Question

A point particle moves on the x-y plane according to the law $x=a\sin (\omega t)$ and $y=a(1-\cos (\omega t))$ where $a$ and $\omega$ are positive constants and $t$ is in seconds. Find the distance covered in time ${{t}_{0}}$.
A. $a\omega {{t}_{0}}$
B. $\sqrt{2{{a}^{2}}+2{{a}^{2}}\cos (\omega {{t}_{0}})}$
C. $2a\sin \left( \dfrac{\omega {{t}_{0}}}{2} \right)$
D. $2a\cos \left( \dfrac{\omega {{t}_{0}}}{2} \right)$

Answer 1

Hint: Calculate rate of change of $x$ and $y$ with respect to time. This gives us velocity of point particles in $x$ and $y$ direction respectively. The magnitude of the velocity vector is the speed of the particle. Distance can be calculated by multiplying the speed of a particle with time period.

Formula used: Distance travelled $d=\left| \mathbf{v} \right|{{t}_{0}}$, magnitude of velocity $\left| \mathbf{v} \right|=\sqrt{v_{x}^{2}+v_{y}^{2}}$

Complete step by step answer:
We are given functions of $x$ and $y$ coordinate in terms of time $t$. The change in $x$ and $y$ coordinates is the displacement of point particles in $x$ and $y$ direction respectively.
Velocity of a particle is defined as rate of change of displacement. So the rate of change of $x$ and $y$ coordinates is the velocity of point particles along $x$ and $y$ direction respectively.
We can calculate the velocity of a particle by differentiating its functions of position.

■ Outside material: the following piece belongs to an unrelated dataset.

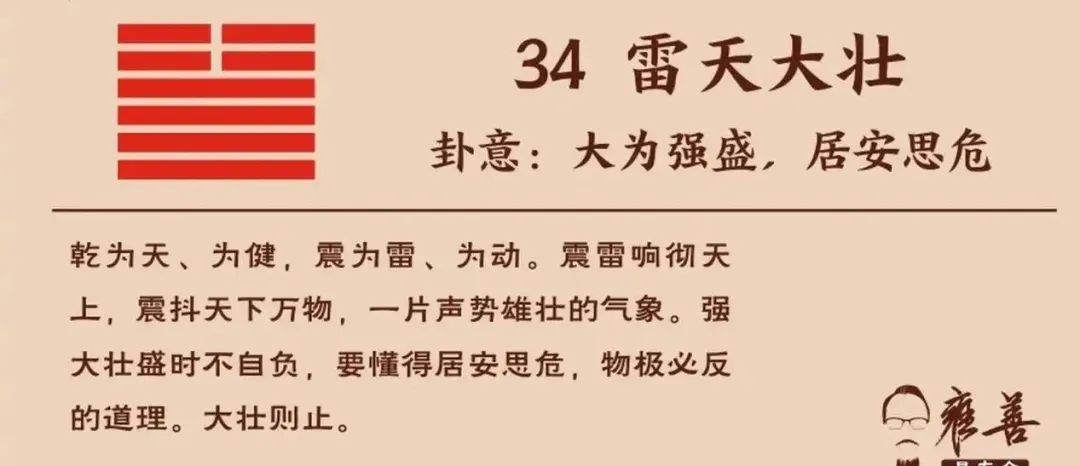 文章标题-2 大壮显天机,雷动九天惊蛰虫;疏肝布甘霖,炁贯三界化龙吟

Therefore,
${{v}_{x}}=\dfrac{dx}{dt}=\dfrac{d(a\sin (\omega t))}{dt}=a\omega \cos (\omega t)$
${{v}_{y}}=\dfrac{dy}{dt}=\dfrac{d(a(1-\cos (\omega t))}{dt}=a\omega \sin (\omega t)$
Where ${{v}_{x}}$ and ${{v}_{y}}$ denote velocities along the $x$ and $y$ axis respectively.
We can calculate the magnitude of velocity by taking the square root of the sum of squares of velocities along the $x$ and $y$ axis. Mathematically, we can write
$\left| \mathbf{v} \right|=\sqrt{v_{x}^{2}+v_{y}^{2}}=\sqrt{{{(a\omega \cos \omega t)}^{2}}+{{(a\omega \sin \omega t)}^{2}}}$
$\left| \mathbf{v} \right|=\sqrt{{{a}^{2}}{{\omega }^{2}}co{{s}^{2}}\omega t+{{a}^{2}}{{\omega }^{2}}{{\sin }^{2}}\omega t}=\sqrt{{{a}^{2}}{{\omega }^{2}}(co{{s}^{2}}\omega t+{{\sin }^{2}}\omega t)}$
We know from trigonometric identity that ${{\sin }^{2}}\theta +{{\cos }^{2}}\theta =1$. Therefore,
$\left| \mathbf{v} \right|=a\omega $
Product of speed and time period gives the distance travelled during time period. Hence, distance travelled in time ${{t}_{0}}$ is given by
$d=\left| \mathbf{v} \right|{{t}_{0}}=a\omega {{t}_{0}}$
The point particle travels distance $a\omega {{t}_{0}}$ in time ${{t}_{0}}$.

So, the correct answer is “Option A”.

Note: Distance is a scalar quantity. It is defined as the total path travelled by the particle.
Displacement of a particle is the change in its position. It is the minimum distance; a particle will have to travel from one point to another. If a particle travels and comes back to the same place then its displacement is zero. Displacement is a vector quantity.